Montgomery turned to him slowly, and his firmness seemed to ease away into something more resembling confusion. He licked his lips as his mind worked out how to choose his words, and as he looked at Galloway, he saw that the young Corporal was as nervous as he was.
“You are Corporal Galloway?” the Captain said.
“You are in charge of this here Fort?”
“Do you know why I am here?”
“Would you care to take a guess?”
Galloway tried to think of something, anything, but all he got was a mental block.
“Corporal Galloway,” Montgomery said. “We have received no correspondence from you or your men in many, many months.”
“Oh,” Galloway said, almost relieved. “I can only apologise, sir.”
“You can also tell me why that is.”
Again, Galloway remained quiet as he tried to think of something to say.
“However, Corporal, right now that is not my concern.”
“My main concern is the Fort itself.”
“The Fort has been well-protected, sir. We have had no…”
“You tell me that, but I beg to differ.”
“You see, Galloway, on this document I have here in regards to Fort Hamilton, it tells me that you – Corporal James Galloway – are in charge of 5 men.”
“Which would make the inhabitants of Fort Hamilton number 6, am I correct?”
“Well, yes, sir.”
“Then why, Corporal Galloway, do I count 7?”
The mental block returned to Galloway’s mind, as he tried to figure out what Montgomery was saying.
“What do you mean, sir?”
“When my men and I came into Fort Hamilton, I counted 7 men, including yourself.”
Galloway began to shake his head.
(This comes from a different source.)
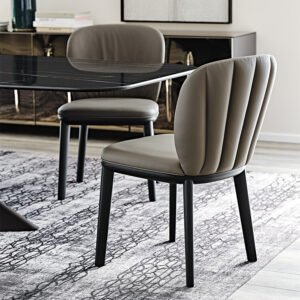 Chrishell Chaise design de Cattelan Italia, avec dossier matelassé et structure en frêne massif. Élégance italienne et confort d’exception. Disponible chez D-Style Interior.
He wanted to deny the Captain’s claims, but they just weren’t connecting in his head.
“You seem confused, Corporal, so allow me to read to you the troop I have down here for Fort Hamilton. We have yourself – Corporal Galloway – and 5 Privates – Adams, Croft, Freeman, Jones, and May.”
“Then who is number 7?”
At this point, Galloway’s firm stance withered, and he took a look himself out the window. Sure enough, standing with Montgomery’s Lieutenants, were 6 men. All men he recognised, and all men who were part of his troop.
“I… don’t know, sir.”
“You don’t know?”
“You don’t know who the extra person is?”
Montgomery looked outside the window with Galloway, and took a deep breath.
“Then tell me who is standing out there right now.”
“From left to right.”
“Indulge me, Corporal.”
Galloway nodded, and moved toward the window. He looked over the row of men, and counted in his own head at what he saw.
“In your own time, Galloway.”
“Sorry, sir,” Galloway said. “From left to right, we have Freeman, May, Jones, Adams, Croft, and Galloway.”
Inside the woodshed, all became very quiet. The air whistled around them, and the sound of Montgomery’s intense breathing echoed with it.
“Repeat that, please.”
“Repeat. The damn. Names.”
The soldier was terrified now, shaking at the aggression in the Captain’s voice. He looked out the window again, and listed the men he saw.
“Freeman, May, Jones, Adams, Croft, and Galloway.”
This did not placate the Captain.
“If Galloway is out there,” he said. “Then who the Devil are you?”
The soldier looked at him, looked outside, and then steadied himself as he took several sharp breaths.
“But you just said Galloway is out there?”
“Are you Galloway or not, son?”
The soldier moved his eyes from the floor to the Captain, and it was then that Montgomery saw how frightened this young man was.
“I… believe I am, sir.”
Montgomery sighed and shook his head. He moved toward the window to look out past Galloway’s shoulder, and glared at the troops standing out there.
“It appears we have a problem, soldier.”